Sardinian Pasta with Sausage and Tomato Sauce
Sardinia has many specialities which are quite different from the rest of Italy. Most dishes are of peasant origin, and they demonstrate how poor people managed to satisfy their dietary needs using only combinations of humble ingredients, but which resulted in wonderful flavours. Sardinian dishes are now enjoying a well-deserved renaissance.
- 400g (14 oz) Sardinian gnocchetti
- Salt and pepper to taste
- 6 tbsp olive oil
- 1 small onion, finely chopped
- 1 garlic clove, finely chopped
- 300g (10 1/2 oz) fresh Italian sausage (luganega), meat removed from the casing, crumbled
- 35g (1/4 oz) dried porcini, soaked for half an hour, then finely chopped (keep the liquid)
- 3 tbsp dry white wine
- 600g (1 lb 5 oz) polpa di pomodoro (crushed tomatoes)
- Gnocchetti are rather chunky pasta shapes - concave with a ribbed back - made with pure durum wheat semolina, and they take rather longer to cook than normal pasta. They are also known as 'malloreddus'.
- For the sauce, heat the oil in a casserole, add the onion, and let it cook for five minutes over a moderate heat until softened.
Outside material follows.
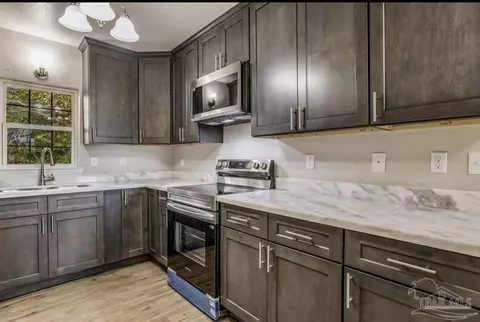 Kitchen - 5337 Hutto Ln, Jay, FL 32565 photo 1 of 3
Add the garlic and cook for another minute before adding the sausage and porcini. Allow to brown, stirring, then pour in the wine and the tomato pulp. Leave to cook over a very low heat for about an hour. If more moisture is needed, add a little of the mushroom soaking liquid. When ready season to taste with salt and pepper. Cook the pasta in plenty of boiling salted water until al dente, about 10 - 12 minutes.
- Mix the pasta with the sauce and serve immediately. If you like, you could add some freshly grated Parmesan or pecorino, but I prefer it without. The sauce, if you leave the sausage in larger chunks, could also be served with polenta.